- **Problem to solve**
Exactly as written, retype the listing below, omitting the pictures.

- **Recorded information**
--
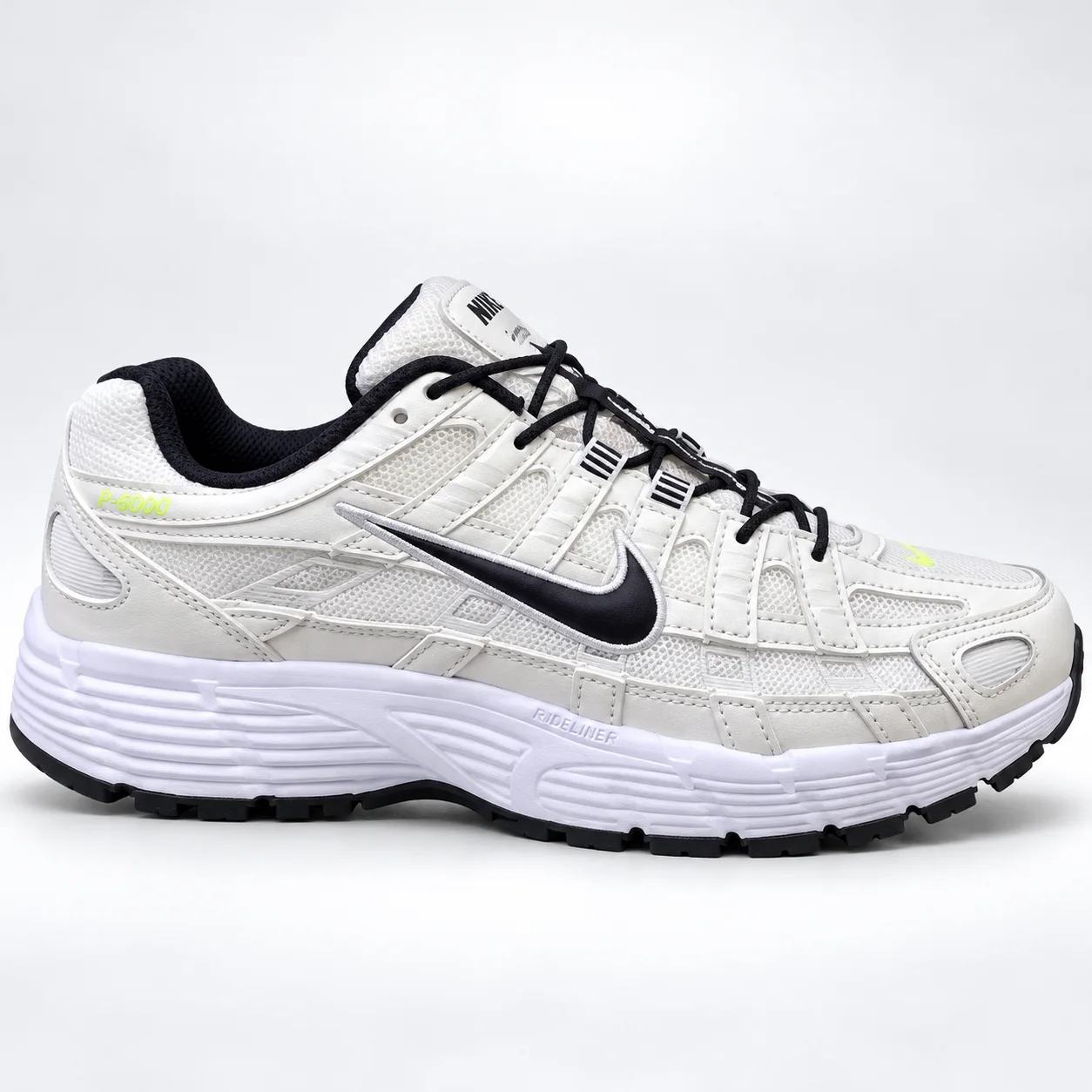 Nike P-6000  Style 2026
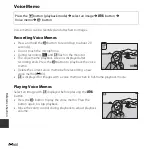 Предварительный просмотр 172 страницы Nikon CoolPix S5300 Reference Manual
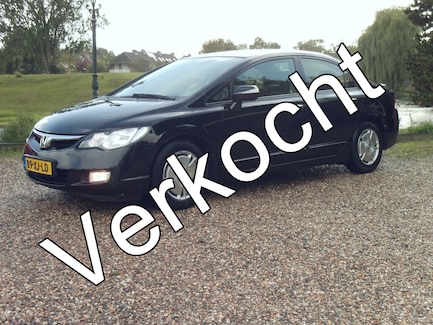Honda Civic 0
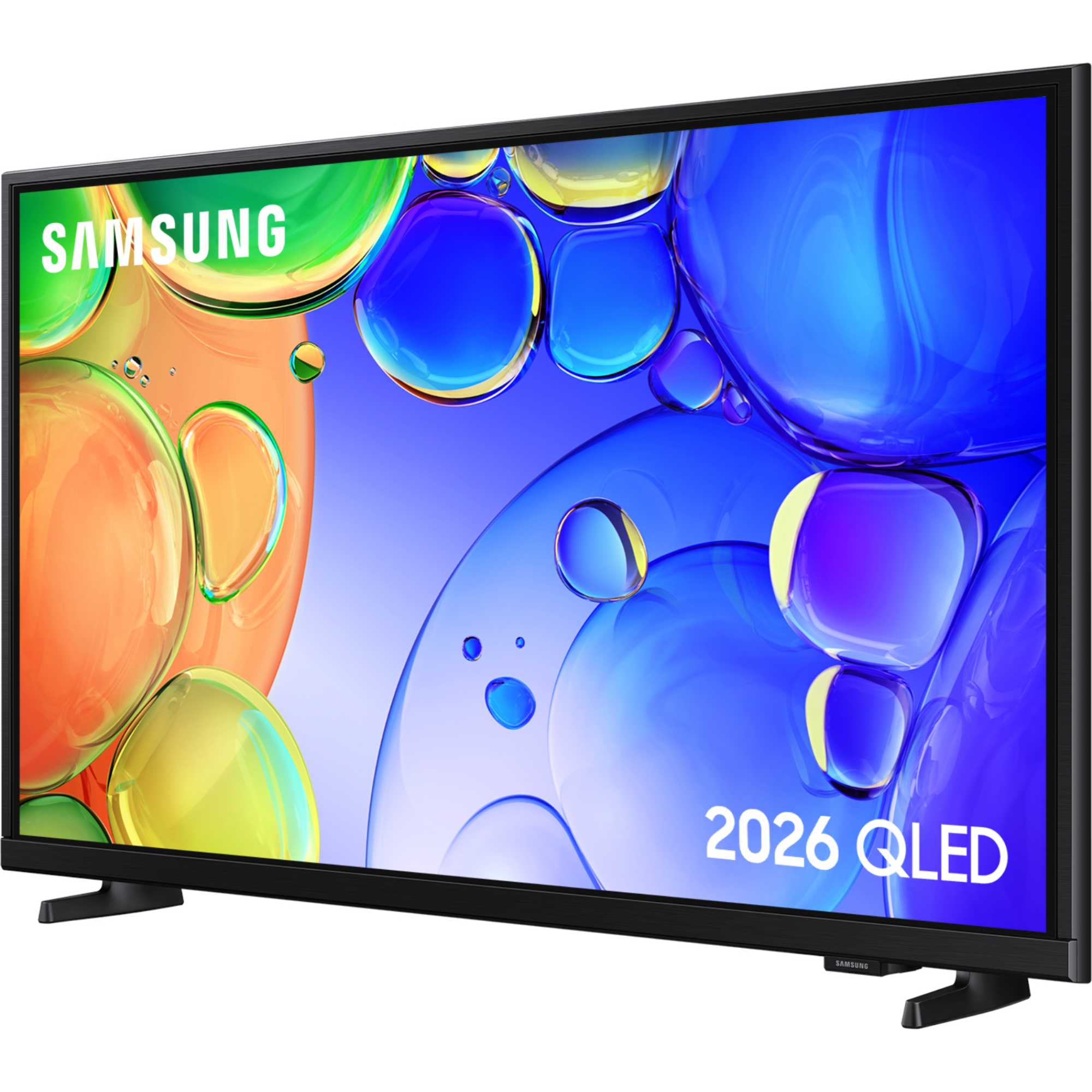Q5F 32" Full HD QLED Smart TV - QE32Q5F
--
- **Solution**
 Nike P-6000  Style 2026
 Предварительный просмотр 172 страницы Nikon CoolPix S5300 Reference Manual
Honda Civic 0
Q5F 32" Full HD QLED Smart TV - QE32Q5F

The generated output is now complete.